The Human Predicament in 2020: Interacting Global Crises and the New Normal
In collaboration with The Millennium Alliance for Humanity and the Biosphere (MAHB), The Resilience Project (TRP), Foresight Analysis Nexus (FAN), The New School at Commonweal.
This year we have all witnessed how major global stressors—from climate change and income inequality to pandemics and autocracy—can impact each other and cause massive, cascading changes in our world. At the same time, other factors including pollution, artificial intelligence, population growth, and social media seem unstoppable forces that escalate other risks.
Many fear that a broader systems collapse could be a plausible scenario. Given what we know, how do we respond? In this roundtable conversation, join Christina as she brings together scholars, designers, and activists to share their perspectives on the polycrisis.
Audience questions and comments will enrich the dialogue, and the moderator will lead participants in a creative exercise to generate new language and insights.

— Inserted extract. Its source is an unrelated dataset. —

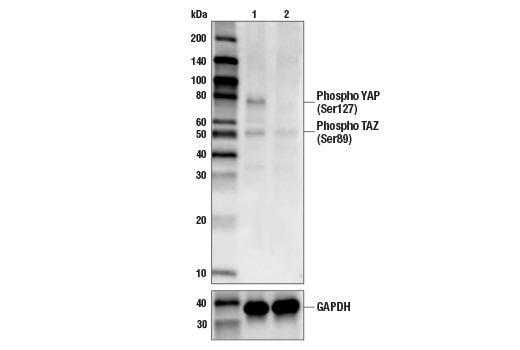 Western Blotting Image 3: Phospho-YAP (Ser127) (D9W2I) Rabbit Monoclonal Antibody (Biotinylated)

Christina Conklin is an artist, writer, and researcher whose book, The Atlas of Disappearing Places: Our Coasts and Oceans in the Climate Crisis, will be published by The New Press in April 2021. Her sculptures, interactive installations, and participatory walks examine culture’s role within natural systems at this time of rapid change and ask people to engage with both personal and societal response-ability. Panelists: Joan Diamond is a leading scholar in the field of global systems change. She is executive director of the Millenium Alliance for Humanities and the Biosphere at Stanford. Steve Heilig is a TNS Host, and an expert on the intersection of public health and the environment. Samantha Suppiah is a urban sustainability strategist and engineer and an independent consultant now based in Southeast Asia after 12 years in Northern Europe. Ed Saltzberg is the founder and director of the Security and Sustainability Forum, a Washington, DC-based network of professionals from government, industry, and academia. Jason Groves is an assistant professor of Germanics at the University of Washington whose writings, translations, and conceptual art investigate the entanglement of humanity and geology.